*EXERCISE DETAILS*. In the entries below, how many lines contain "Pink"? Answer with the number and nothing else.

** GIVEN RECORDS follows **

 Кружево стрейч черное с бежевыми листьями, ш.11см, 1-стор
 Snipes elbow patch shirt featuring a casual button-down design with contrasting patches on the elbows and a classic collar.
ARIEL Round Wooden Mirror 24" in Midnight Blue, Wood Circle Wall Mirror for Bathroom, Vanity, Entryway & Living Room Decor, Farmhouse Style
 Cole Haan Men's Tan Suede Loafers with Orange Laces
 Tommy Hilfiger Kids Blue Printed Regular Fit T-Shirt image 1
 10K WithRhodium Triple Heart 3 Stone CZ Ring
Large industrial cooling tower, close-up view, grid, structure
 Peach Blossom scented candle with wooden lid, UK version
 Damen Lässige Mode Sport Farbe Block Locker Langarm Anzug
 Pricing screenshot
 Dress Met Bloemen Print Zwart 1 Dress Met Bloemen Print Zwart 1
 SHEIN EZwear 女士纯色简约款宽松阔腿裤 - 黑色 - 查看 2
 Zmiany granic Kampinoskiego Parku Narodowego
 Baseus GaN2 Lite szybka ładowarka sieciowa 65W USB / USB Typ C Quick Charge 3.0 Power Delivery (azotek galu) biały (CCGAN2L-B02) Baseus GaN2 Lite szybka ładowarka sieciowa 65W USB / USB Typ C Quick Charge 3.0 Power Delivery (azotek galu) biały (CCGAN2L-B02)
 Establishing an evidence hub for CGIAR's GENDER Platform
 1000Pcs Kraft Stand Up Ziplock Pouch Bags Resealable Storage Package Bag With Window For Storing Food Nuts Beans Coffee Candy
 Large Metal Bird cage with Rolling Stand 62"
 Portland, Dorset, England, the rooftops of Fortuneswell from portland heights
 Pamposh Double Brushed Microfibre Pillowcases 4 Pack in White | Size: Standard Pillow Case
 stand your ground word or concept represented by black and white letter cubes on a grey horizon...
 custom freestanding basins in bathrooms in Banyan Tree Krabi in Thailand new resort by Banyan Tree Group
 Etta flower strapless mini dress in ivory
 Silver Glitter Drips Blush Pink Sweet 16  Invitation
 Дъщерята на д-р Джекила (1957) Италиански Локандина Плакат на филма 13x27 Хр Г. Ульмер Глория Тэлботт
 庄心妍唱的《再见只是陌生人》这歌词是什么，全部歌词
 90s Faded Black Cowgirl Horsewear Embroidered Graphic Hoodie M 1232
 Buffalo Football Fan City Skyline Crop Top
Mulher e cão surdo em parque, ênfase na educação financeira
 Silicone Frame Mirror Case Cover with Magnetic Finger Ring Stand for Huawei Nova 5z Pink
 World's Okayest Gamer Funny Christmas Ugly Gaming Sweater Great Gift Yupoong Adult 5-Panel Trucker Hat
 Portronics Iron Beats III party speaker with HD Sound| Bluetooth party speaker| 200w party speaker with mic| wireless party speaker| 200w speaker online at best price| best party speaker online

** End of GIVEN RECORDS **

*ANSWER FOR THE TASK*. 2